All I gotta say is watch it. That's not a threat just facts. And stop by the joint with 24 hour pancake joint. You'll know it when you see it.
22 October 2012 @ 02:28 am

I dunno if there's a way to filter out age sensitive material and make sure kid's don't hear anything so I'll say this: if you can't go to any PG-13 movies scram.

[He'll wait a few seconds. And yes, Mr. White. There is a way. His filtering skills are only exclusive to private messaging. So sue him. Mr. White clears his throat.]

Are we good? [Like anyone can answer, White.] Okay.

I heard this one at the barber's. A man steps into a watch shop and he takes one look at the hot young thing working the joint and he plops his penis right there on the counter. The lady is aghast. 

"Sir! Sir!" [The intonation of his voice goes up a pitch to imitate.] "This is a watch store! You can't just show your dick like that, it is inappropriate!"

[Right back he goes to his average tone.]  So the man says to her, "What? All I want a pair of a hands and a face on this."
24 September 2012 @ 12:53 pm
 Why's everybody stating the obvious? Winter's gonna come. Spring after that. Then summer before you know it.

I'm a warm weather guy myself.
29 August 2012 @ 02:40 am
Is there some kind of a stamp card or bingo card for all the stuff that pops up outta nowhere here? I mean things to shoot.

At least start giving out carnival prizes.

Private to Mr. Pink

Hey. You holding up?

[occ; forward dated to midday!]
06 August 2012 @ 08:18 pm
Today is one of those days that are going to be way better looking at sometime next week.

[Oh. He's on video? Yes. Yes he is. And he's wearing a Brewer's cap to hide a portion of his rather electrified hair.]

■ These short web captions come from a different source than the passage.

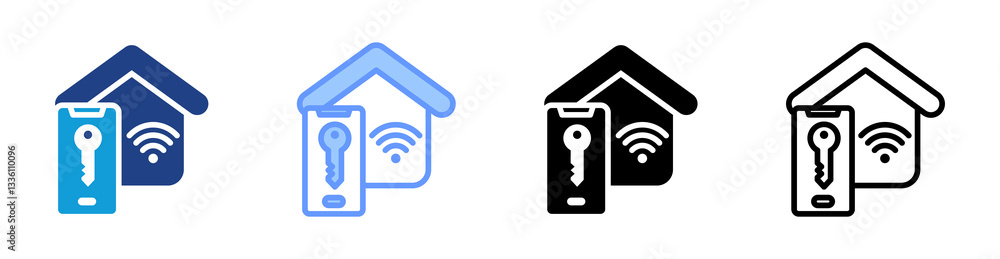 Poster smarthome icon set multiple style collection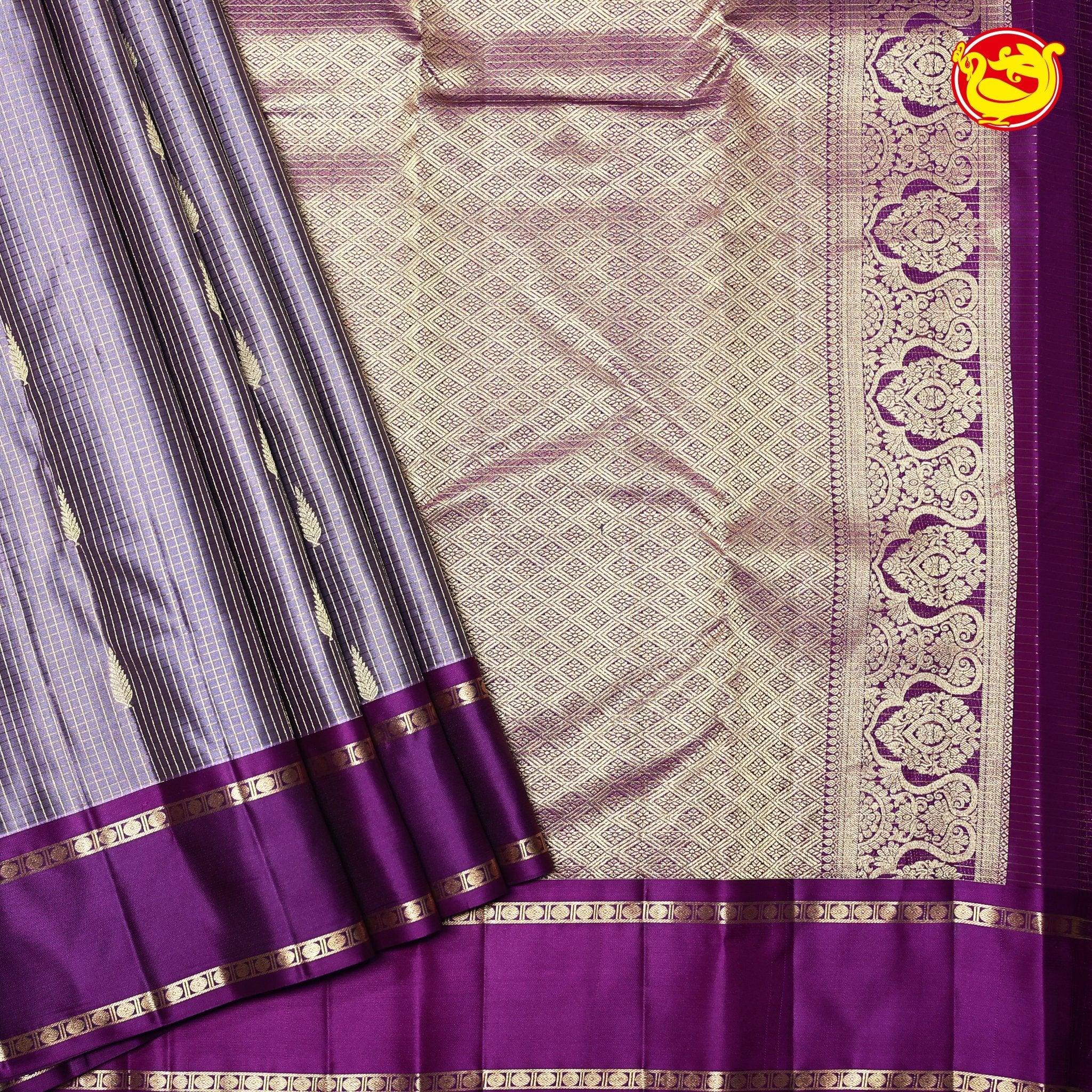 Purple with Magenta Checked Buttas Gold Zari Border Pure Kanjivaram Soft Silk Saree - Thenianantham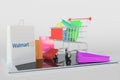 Shopping cart on a tablet computer and paper bag with Walmart logo. Editorial e-commerce related 3D rendering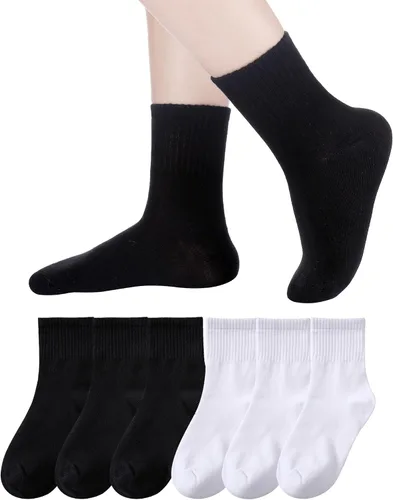 Vista 34 de Eyean Calcetines deportivos para niños y niñas, de algodón, uniformes escolares, casuales, básicos, 6 pares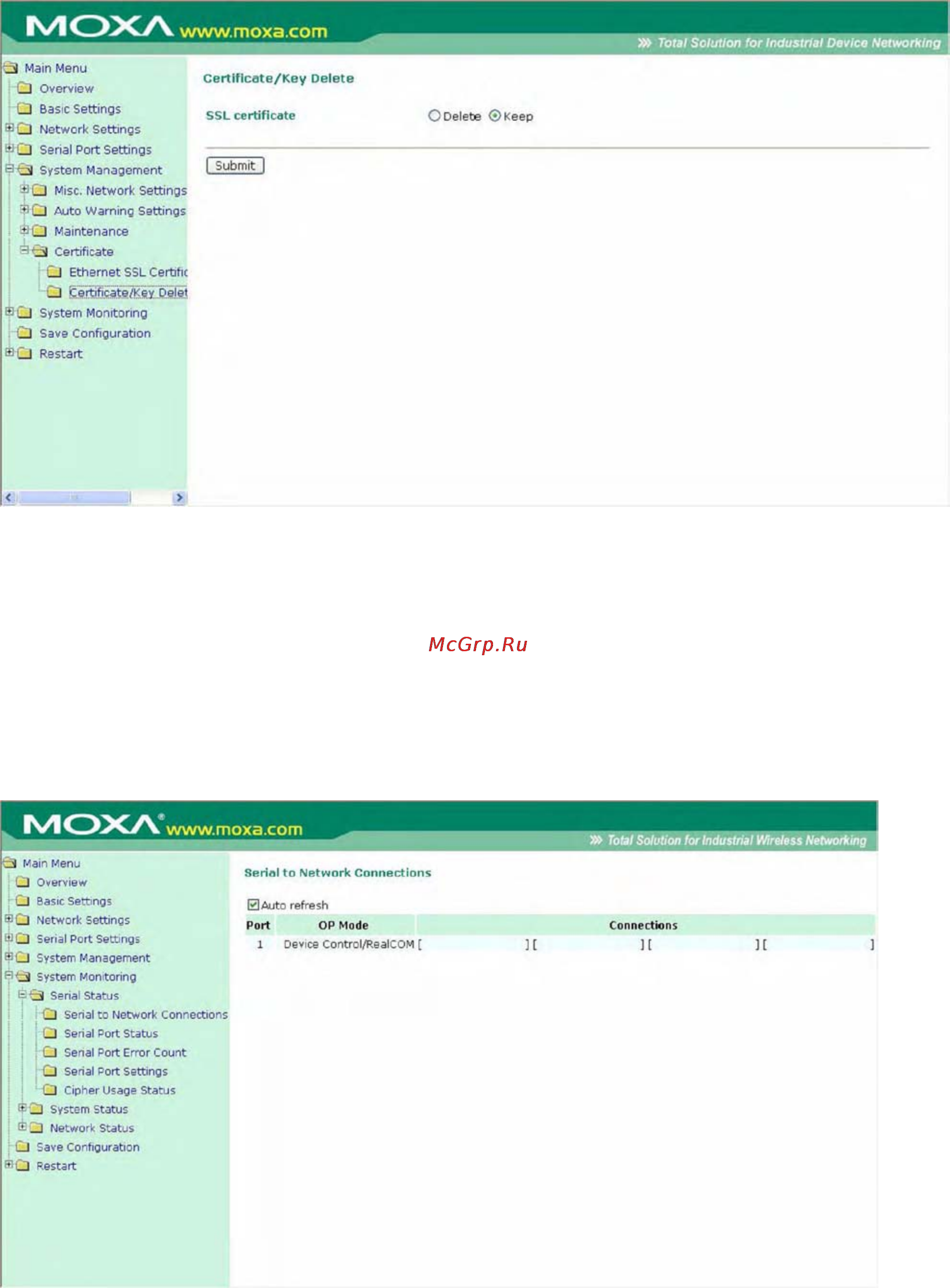Moxa OnCell G3211 [134/184] Соединение последовательных портов с ethernet сетью serial to network connections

And I'm not sorry for any kind of harsh reply that's going to come out to anybody who makes shocking jokes. Fuck you.
31 July 2012 @ 10:46 am
Whenever I'm not sure of what to do in a situation I take a step back and think of that Kenny Roger's song. It sorta simplifies shit quickly. That secret to surviving is knowing what to throw away and knowing what to keep.

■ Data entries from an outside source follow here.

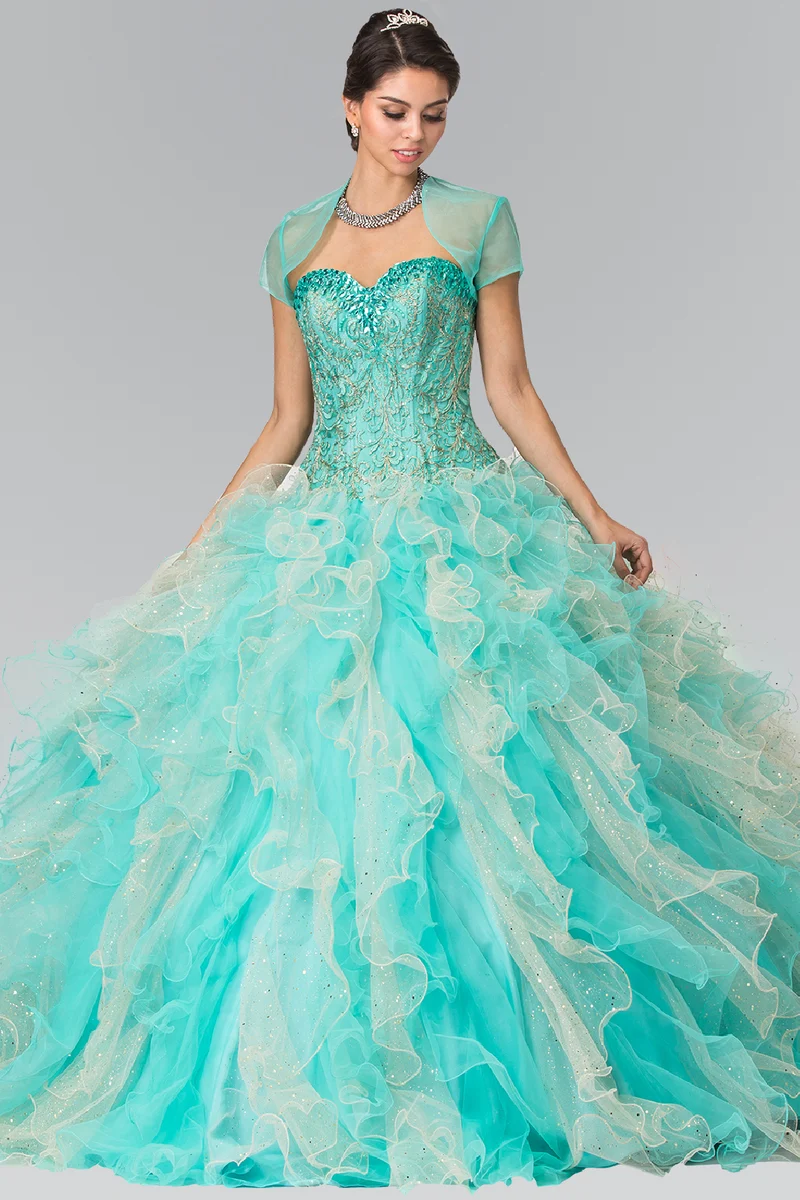 Elizabeth K - GL2210 - Utsmyckad axelbandslös Quinceanera-klänning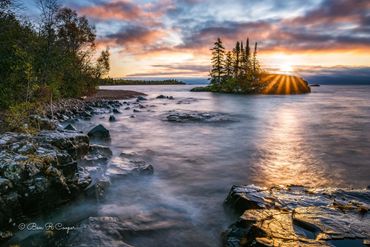 Sunrise at Tombolo island on the Lake Superior North Shore in Northern Minnesota. Long exposure 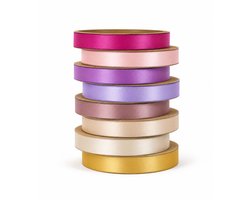 Satijnlint Set - "Champagne Rose" - 8 Kleuren - 10mm x 50 Meter - Double faced - Cadeaulint - Ribbon - Sierlint – Lintje - Inpaklint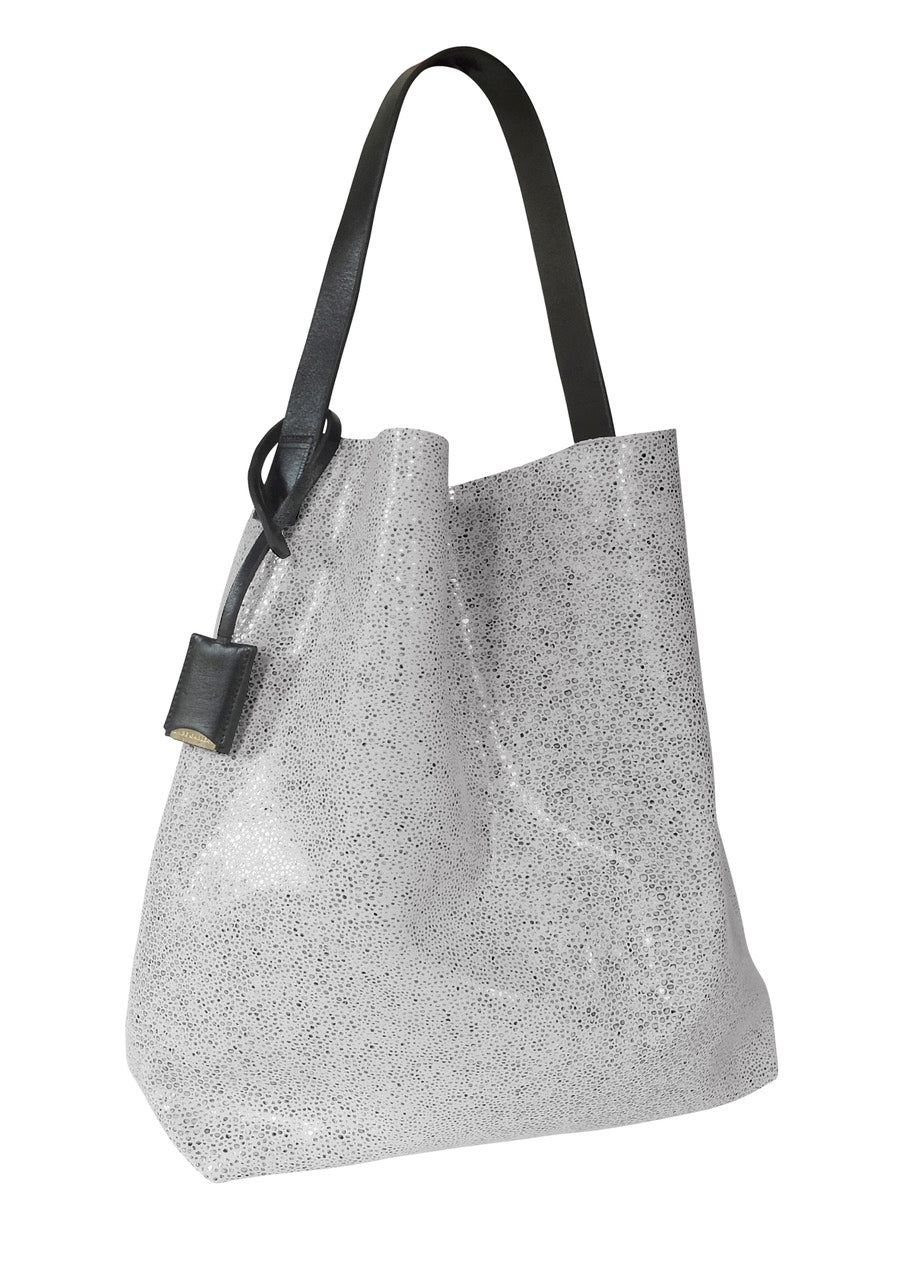 MILOU  M - Galuchat - printed Suede - PERLE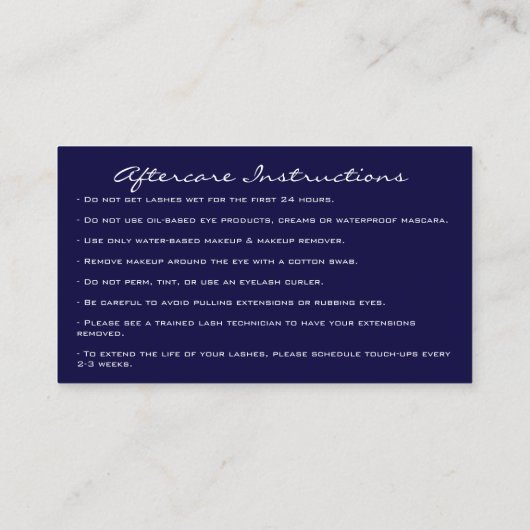 Nazorginstructies Uitslag Roos Glitter Drip marine Visitekaartje (Achterkant)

I personally prefer the Johnny Cash to the original, it's the original though that sticks with you.
16 July 2012 @ 02:53 pm
Sometimes I get the feeling that this place is trying to make everybody out to be a bitching and moaning asshole. Everything can't be wine and roses. But I guess my opinion don't hold much weight since I didn't spend the weekend with a pussy or as a little kid.

I try and keep active, you know. Maintaining the upkeep of shit you own. Pride of ownership. And if you don't own anything you take care of, what's the fuckin' point. If you got your sanity, go ahead and keep it up. If you're even the slightly on a high, go with it.